Vicinal diol with methyl carbinol group for iodoform and cleavage to aldehyde Steps:

• Yellow precipitate with alkaline I2 shows iodoform test positive for CH3CH(OH)R alcohols.
• Oxidation yields mixture including Z; Z's red-brown Fehling's precipitate indicates aldehyde.
• Eliminate D (ether, no OH for tests); C (butan-2-ol, oxidizes to ketone CH3COCH2CH3, no aldehyde).
• A and B have diol with CH3CH(OH)-; A is vicinal (adjacent OH), cleaves to CH3CHO + HCHO (both aldehydes); B is 1,3-diol (non-adjacent), oxidizes to non-cleaving products like CH3COCH2CH2OH (ketone) + CH3CH(OH)CH2CHO (aldehyde, but no cleavage mixture of simple aldehydes). Why A is correct:
• Propane-1,2-diol's vicinal OH enables oxidative cleavage (e.g., by I2/OH-) to acetaldehyde and formaldehyde, both reducing aldehydes per Fehling's mechanism.
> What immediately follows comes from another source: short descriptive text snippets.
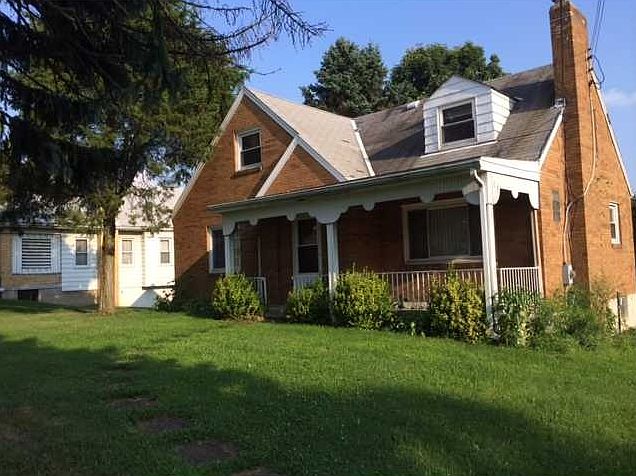1st image of 7183 Steubenville Pike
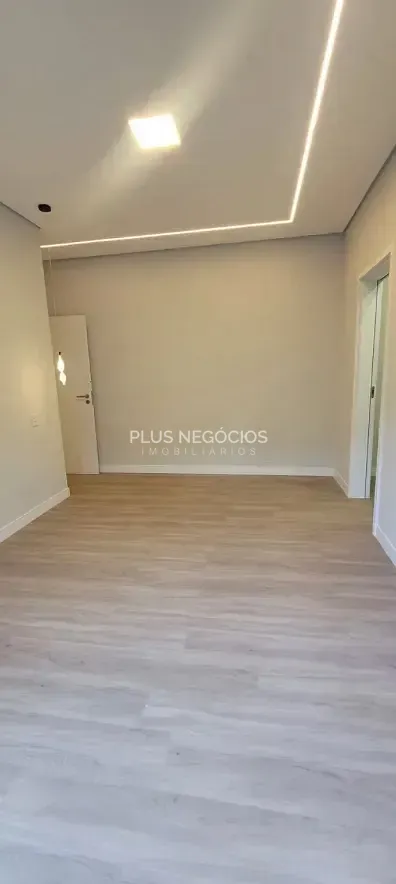 Casa, 3 quartos, 143 m² - Foto 7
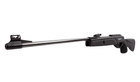 Пневматична гвинтівка Gamo Socom 1000 - зображення 5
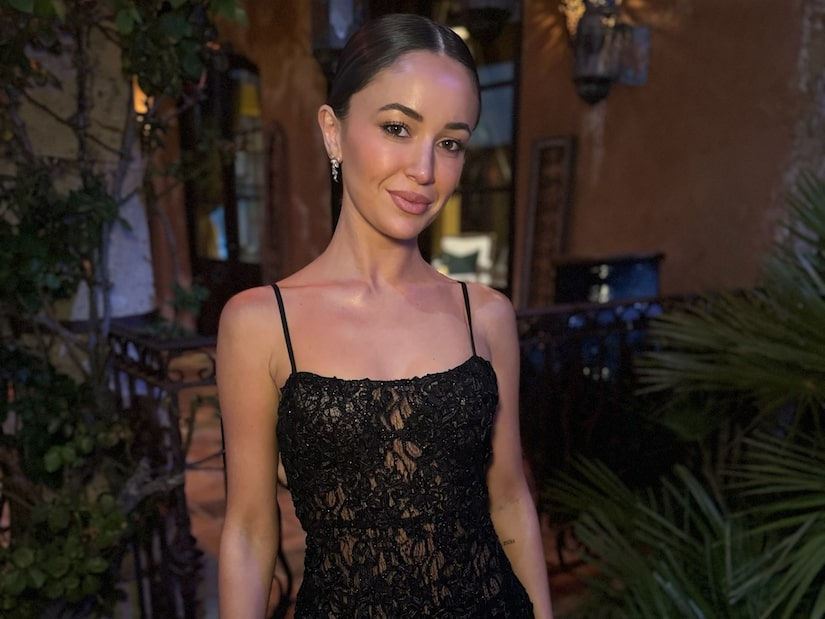 Carolina Quixano | bachelornation.com | bachelor insider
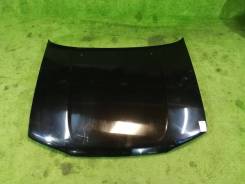 Капот. Subaru Legacy, BD2, BD3, BD4, BD5, BD9, BG2, BG3, BG4, BG5, BG7, BG9, BGA, BGB, BGC Двигатели: EJ18E, EJ20D, EJ20E, EJ22E, EJ25D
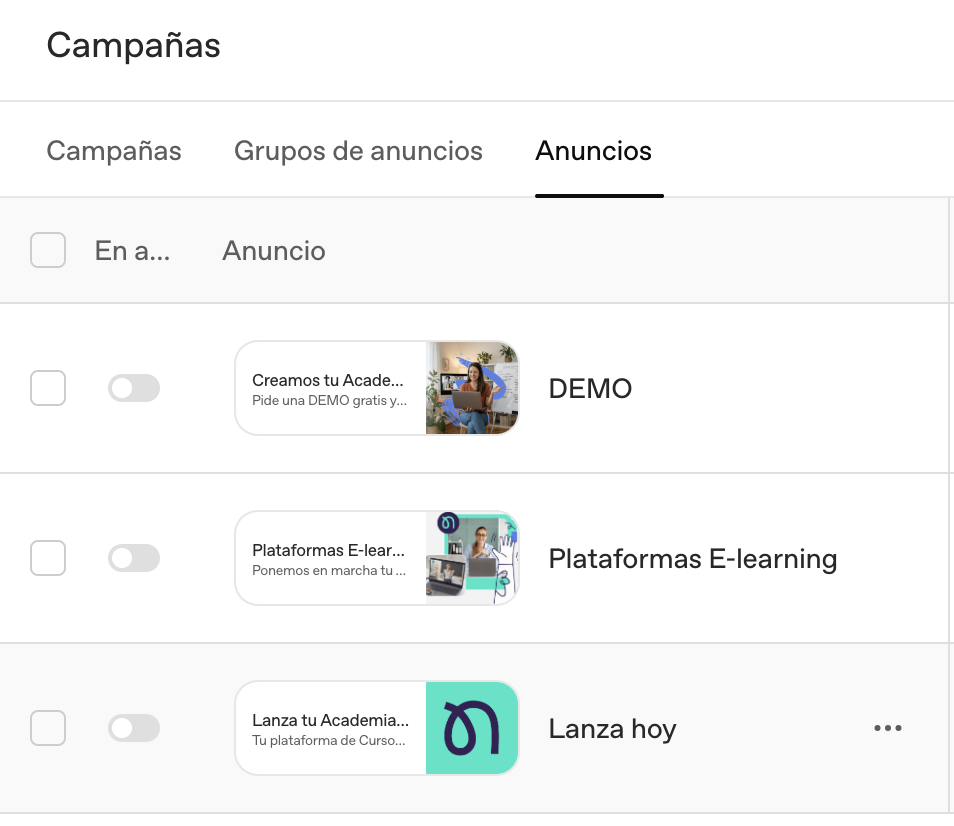 anuncios chatgpt ads 1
Why the others are wrong:
• B: Non-vicinal diol; no cleavage, primary oxidation yields beta-hydroxy aldehyde but lacks defining mixture of simple reducing carbonyls.
• C: Secondary alcohol only; oxidizes to methyl ketone (no Fehling's), single product not mixture.
• D: No alcohol group; fails iodoform and oxidation.

Final answer: A